**Stored dataset items:**

......

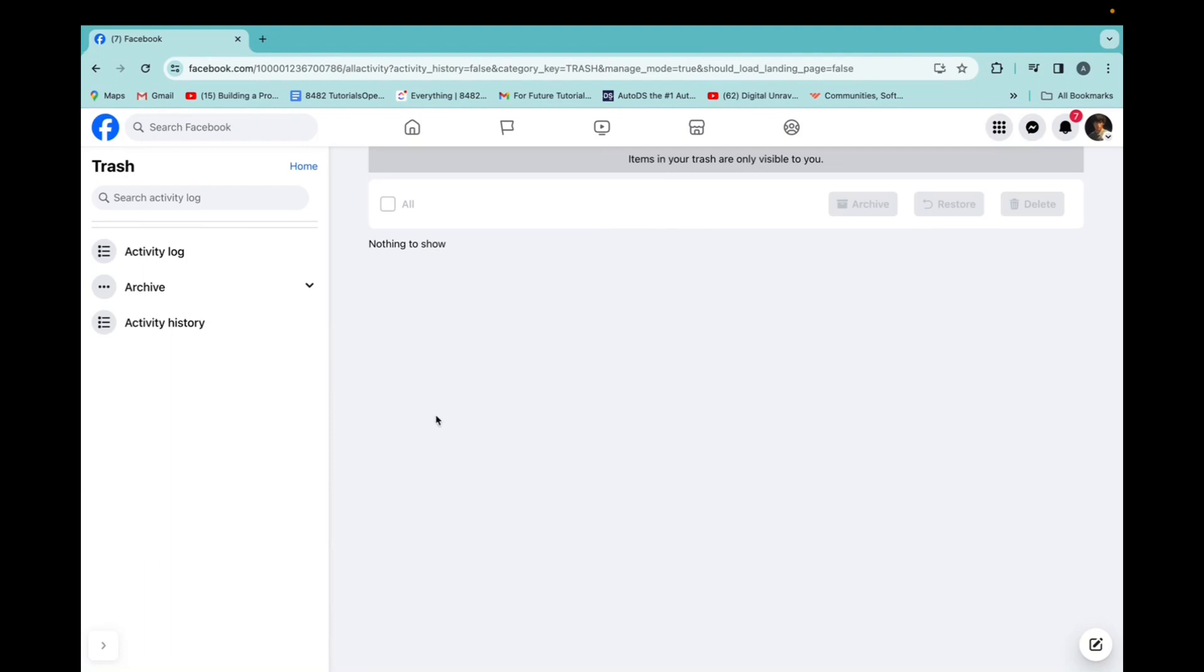And now they're all going to be here. You select all again, click on delete and then put in your password and you will mass delete all your posts on Facebook.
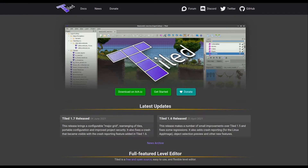Welcome to this tutorial. Today we are going to take a look at Tiled. This software is going to help us with editing maps, creating levels, and generating game objects without programming them inside our Python Arcade code. This is a very useful tool to speed up your development process and gives you a more artistic view of how your game will look after your design.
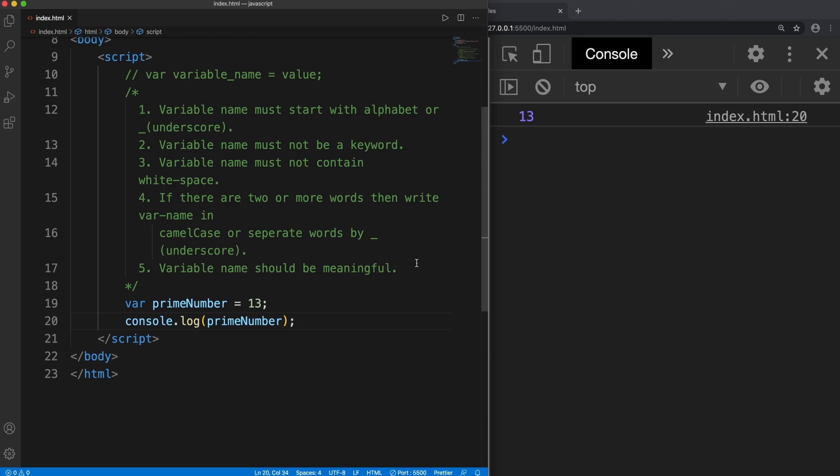Now the fifth rule is not mandatory but it is very useful. It is advisable that the variable name should be meaningful. Why?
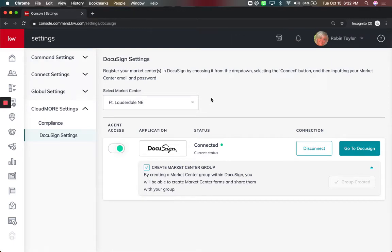In this video, we're going to show the Market Center leadership and the MCAs how to create your templates in DocuSign to then share with the Market Center.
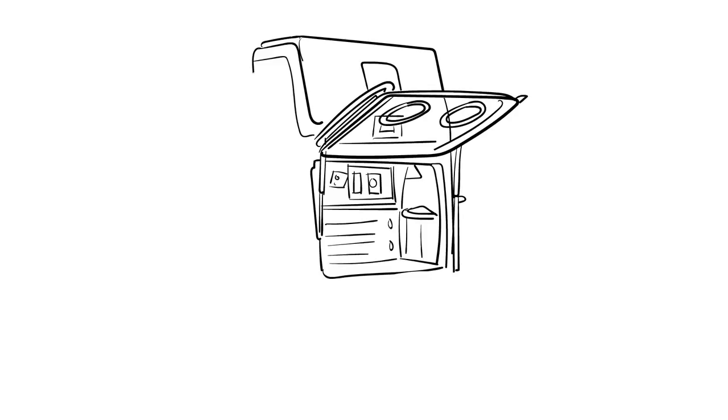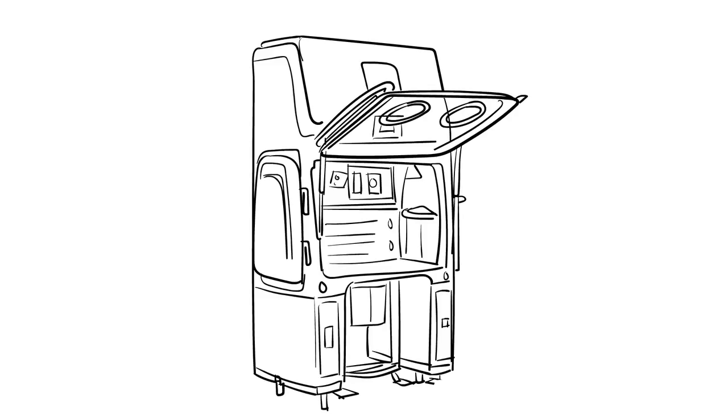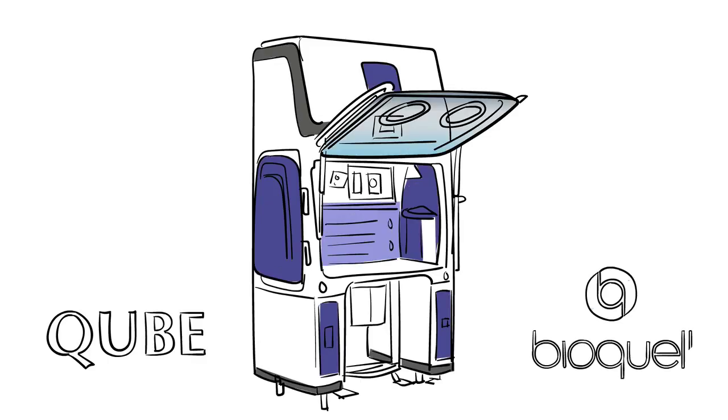Are you searching for an easier, faster way to prepare prescriptions in a safe and clean environment? Look no further than the BioQuell Cube.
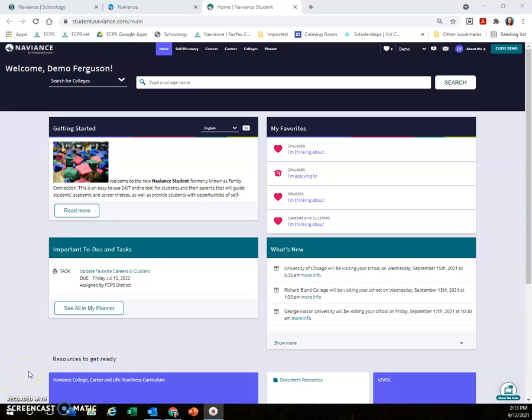Naviance Student is a great tool to learn more about yourself, colleges, careers, and lots more. I'll show you how to find it.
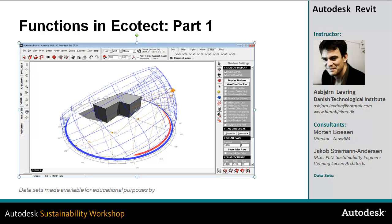In this first video about functions in Ecotect, I'll take you through some simple navigation and look at some of the visual functionality for setting up and viewing your model.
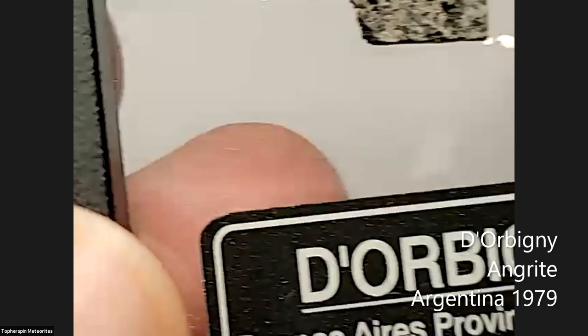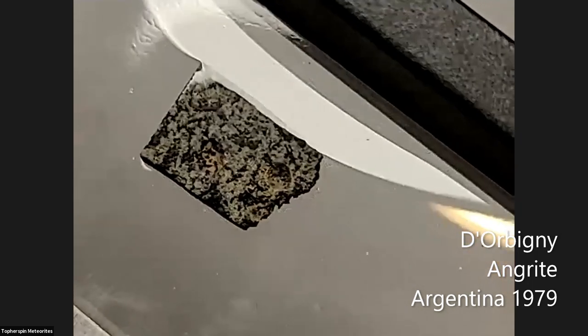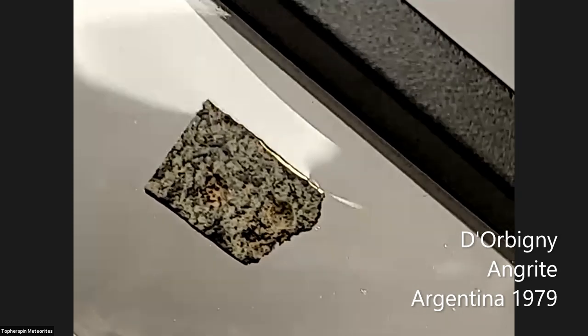A piece of the angrite Dar al Gani is shown on camera — it is quite expensive, so only a small sample is held, but two vesicles are clearly visible on the back side. It's well known for having vesicles. Impact melts like Tissint 004 are also prolific for very small porous vesicles and pores.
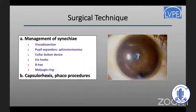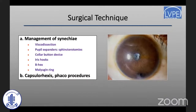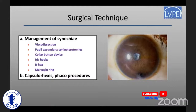The surgical technique consists of two important parts: management of the synechiae and the capsulorrhexis with the rest of the phaco procedures. Synechiae can be released by simple viscodissection in cases of very small or thin synechiae, but most of the time we have to use other techniques to expand the pupil — such as sphincterotomies using Vannas or micro scissors, collar button devices such as Gublin's hooks, iris hooks, and rings such as the Bhex ring or the Malyugin ring.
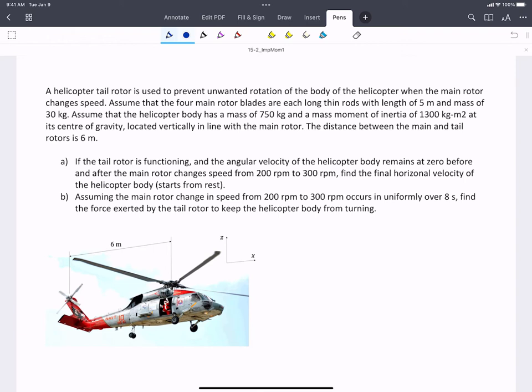In this problem, we're looking at a helicopter. We're told that the tail rotor, shown here, is there to prevent unwanted rotation of the body of the helicopter when the main rotor, shown here, changes speed.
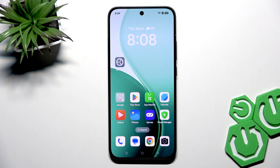Welcome! In front of me it's Oppo Reno 14 5G and in this video I will show you how to improve battery life on this smartphone.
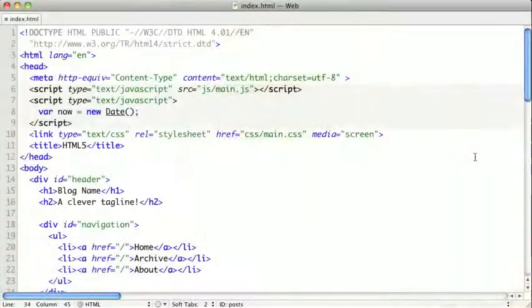In the previous video, we took a look at what HTML5 is, where it came from, and why it's important. In this video, we're going to take a look at some of the new updates and improvements to HTML5.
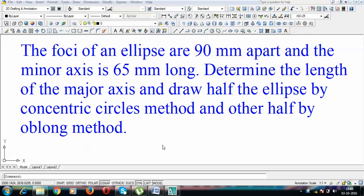Hey guys, this is Manas and today we'll be implementing the methods that we have learned in the previous three tutorials. The question goes like this: the foci of an ellipse are 90mm apart and the minor axis is 65mm long. Determine the length of the major axis and draw half the ellipse by concentric circles method and the other half by oblong method.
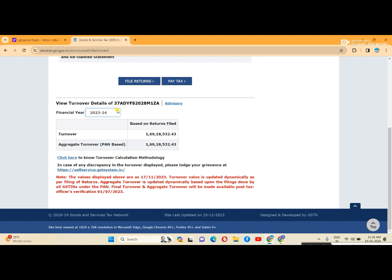This is very useful when filing GST annual returns to verify your turnover. Please subscribe to the channel, like and share the videos to get notifications for important tax videos. Thank you for watching.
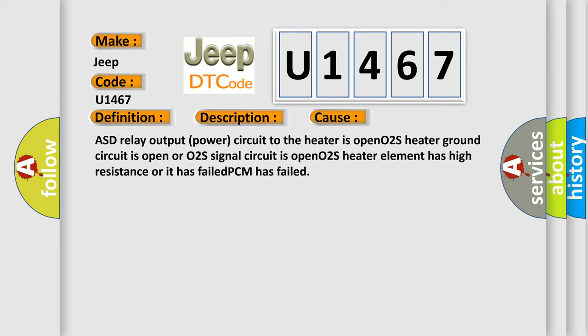ASD relay output power circuit to the heater is open, O2S heater ground circuit is open, or O2S signal circuit is open, O2S heater element has high resistance or it has failed, PCM has failed.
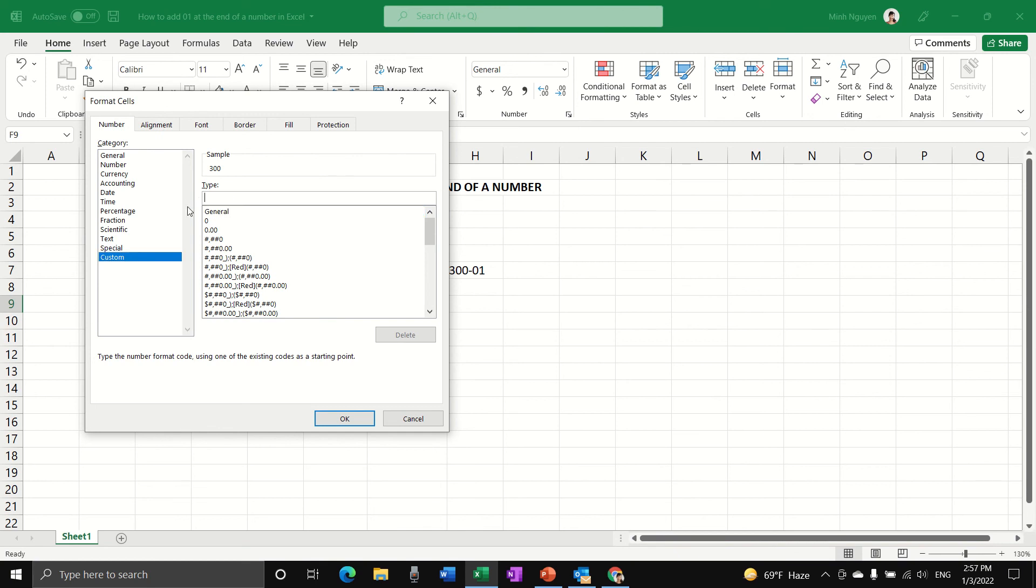Instead of general, we are going to type hashtag hashtag hashtag. That means we want the cell to start with a number. Then we add double quote, zero one, close double quote. A double quote means we are going to add text after every number formatted in the cell. Click OK, and we are done.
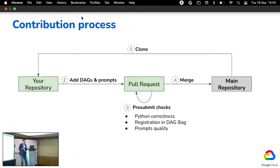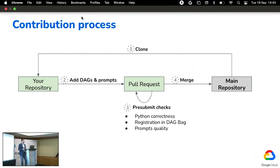Our specific proposal is to establish an open-source repository as a central place where anyone can contribute their DAGs. We'd kick it off by contributing our own datasets used in the prototype. The contribution process would start with cloning the repository, adding your own DAGs and corresponding prompts, and then going through quality checks — verifying that Python DAG files are properly interpreted, registered in the Airflow DAG bag, and properly serialized — as well as prompt quality checks, to ensure high-quality training material.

......

**What the task requires:** For the entries above, print exactly the lines between the one with "In this video, we're going to show" and the one with "Naviance Student is", inclusive, with no pictures.

**Response to this exercise:**
In this video, we're going to show the Market Center leadership and the MCAs how to create your templates in DocuSign to then share with the Market Center.
Are you searching for an easier, faster way to prepare prescriptions in a safe and clean environment? Look no further than the BioQuell Cube.
Naviance Student is a great tool to learn more about yourself, colleges, careers, and lots more. I'll show you how to find it.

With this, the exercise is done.